Always-On AI Is Becoming a Network Engineering Problem
Trend Signals
- ITmedia highlighted joint efforts to address traffic growth caused by always-on AI systems.
- Cloudflare engineering posts emphasized transport resilience and client behavior in modern SASE paths.
- Teams on HN increasingly report “network-shaped” incidents in AI-assisted workflows.
Why AI Traffic Is Different
Traditional web traffic has relatively predictable burst patterns.

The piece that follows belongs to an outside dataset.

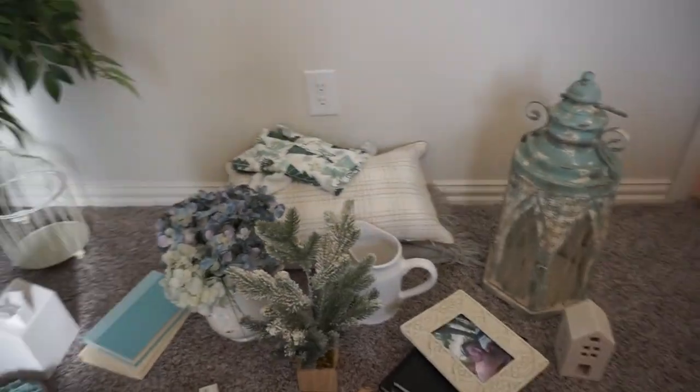Hello everybody, welcome back to my channel! Today I'm so excited — this is gonna be my first clean and decorate with me video of the season. We just moved to Texas about three months ago, so it's gonna be my first time decorating our new home. In today's video we're gonna tackle the master bedroom, the living room, and the kitchen. I hope this video offers you guys tons of ideas and inspo to get your space all cozied up for Christmas.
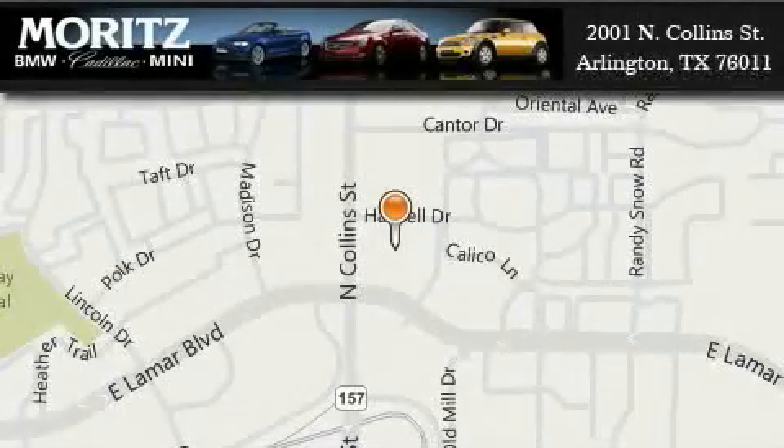Moritz Cadillac BMW Mini is located at 2001 North Collins Street in Arlington. Our goal is to exceed all of your expectations to ensure that you'll return for future visits.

Always-on AI introduces:
- Longer-lived sessions with higher request complexity
- Token-streaming behavior that amplifies tail latency sensitivity
- Multi-hop chains (retrieval, tools, policy checks) per user action
- Greater dependence on transport quality for UX continuity
As a result, AI reliability is no longer only about model serving. It is about end-to-end traffic choreography.
The Three-Layer Bottleneck Model
1) Edge and Client Path
- MTU mismatches, packet loss, and protocol fallback can quietly degrade generation latency.
- Mobile and enterprise VPN clients create asymmetric path quality.
2) Service Mesh / Internal East-West
- Retrieval and tool calls multiply service-to-service traffic.
- Timeout defaults designed for CRUD APIs fail for streaming workloads.
3) Model Runtime Tier
- Queueing effects dominate during soft saturation.
- GPU/accelerator utilization can look “healthy” while user latency collapses.
Operational Controls That Work
Introduce AI-aware SLOs
- First-token latency (P95)
- Stream interruption rate
- Tool-chain completion latency
- Retrieval miss-to-fallback ratio
Build traffic classes
- Interactive premium (strict latency budget)
- Standard interactive
- Deferred batch inference
Enforce class-based admission during spikes to protect critical UX.
Engineer graceful degradation
- Compress retrieval breadth before model quality drops
- Switch from multi-tool to single-tool plans when congestion rises
- Return concise mode under severe saturation
Capacity Planning Playbook
- Model token demand by workflow, not by endpoint.
- Simulate monthly and incident-time surges.
- Add transport chaos tests (loss, jitter, PMTU mismatch).
- Validate failover behavior for model and retrieval tiers independently.
Common Failure Pattern
Many teams scale inference nodes but ignore path instability and downstream fan-out. The visible symptom is “model slowdown,” but root cause sits in network and orchestration layers. Fixing this requires a joint SRE + platform + ML operations routine.
Bottom Line
Always-on AI is effectively creating a new category: LLM traffic engineering. Organizations that formalize it now will prevent a year of false model blame and expensive overprovisioning.